Şimdi, bu kadar yazdıktan sonra konuyu nereye getireceğimi düşünüyor olabilirsiniz. Bu sporu şimdi Rusya ve Ukrayna oynuyor. Bir taraftan “Ping” diğer taraftan “Pong” sesleri geliyor. Aynı köke ait olduklarını iddia eden bu ülkeler, benzer türden gelmelerine rağmen savaşmaya karar verdiler. Saldıran var, savunan var, destek olacağız yalanı ile televizyonlarda boy gösteren ülkeler var ama olan oradaki insanlara oluyor.
Tarih tekerrürlerden ibaret.
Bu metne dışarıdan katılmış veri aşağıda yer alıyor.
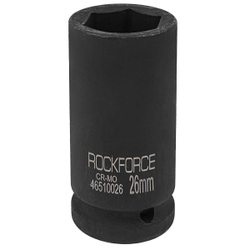 Головка ударная глубокая 3/4'', 26мм (6гр.) RockForce RF-46510026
Afrika’daki iğrenç soykırımlar, Yugoslavya’nın başına gelenler, Ortadoğu’da yaşananlar, Lübnan’ın hali, Avrupa’nın 100 yıl öncesi ve ABD’nin Avrupa’ya; “Biz size özgürlüğünüzü verdik” diyerek bugünkü takındıkları tavır, NATO’nun zerre kadar bir duruş gösterememesi, Ukrayna’nın hâlâ kendisini bir dizide oynuyor sanması, gerçekle yüzleşince değişen dekorlar…
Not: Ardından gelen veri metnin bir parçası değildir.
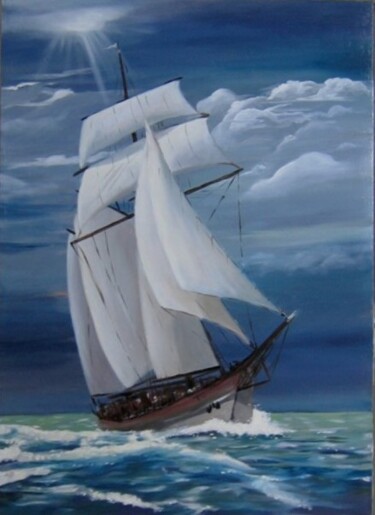 Peinture intitulée "velero" par Letailleur-H, Œuvre d'art originale, Huile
Yarın, bir köşemizden bize de bir sataşma olursa buna hazır mıyız sorusuna cevap bulmaya çalışıyorum. Umarım herkes buna hazırlıklı olmalıdır. Bu işin şakası yok. Her koşulda hazır olmanın gerekliliği konusunda görüş birliği halinde olmalıyız.
Hazır olmanın yolu egzersiz ve spordan geçmektedir. Şimdi hemen evden çıkın ve en az 45 dakika yürüyüp gelin. Yakında bir masa tenisi oynanabilecek bir salon varsa en az 3 set maç yapıp dönün. Eliniz tenis raketi tutuyorsa kortlardan birine gidip kendinize bir rakip bulup onunla maç yapın.
Hiçbir şey yapamıyorsanız, kapatın gözlerinizi, bir ağaca tırmanmayı düşünün. Tırmanın, taze çağla bademleri toplayın, ağaçta iken ceplerinizi doldurun. Ya da gözleriniz yine kapalı, futbol oynuyorsunuz, kalecisiniz, penaltı atışı yapılacak, hakemin düdük sesini bekliyorsunuz. Düdük sesi geldi, oyuncu topa koşuyor, siz sağa atladınız, top sola geliyor, herkes “Gooollll” diye bağırıyor, ama o da ne, top direğe çarpıp geriye dönüyor…
Rüyada bile olsanız bu kadar şanslı olamazsınız. İşi şansa bırakmayı adet edinmiş bizler, her şeyi bir de oluruna bırakınca istemediğimiz tablolarla karşılaşmayı sürdürüyoruz. Bu nedenledir, kendimize bir çeki düzen vermeliyiz. İyi bir uyku, dengeli beslenme, bol su ve stresi ötelemiş bir yaşam tarzını benimseyelim.
Pin Pon demişken, masa tenisi için neden bu terim kullanılıyor dersiniz? Cevabını bilenler içinden bana ilk ulaşana bir adet kitabımı hediye edeceğim. Herkese sağlık ve spor dolu günler diliyorum.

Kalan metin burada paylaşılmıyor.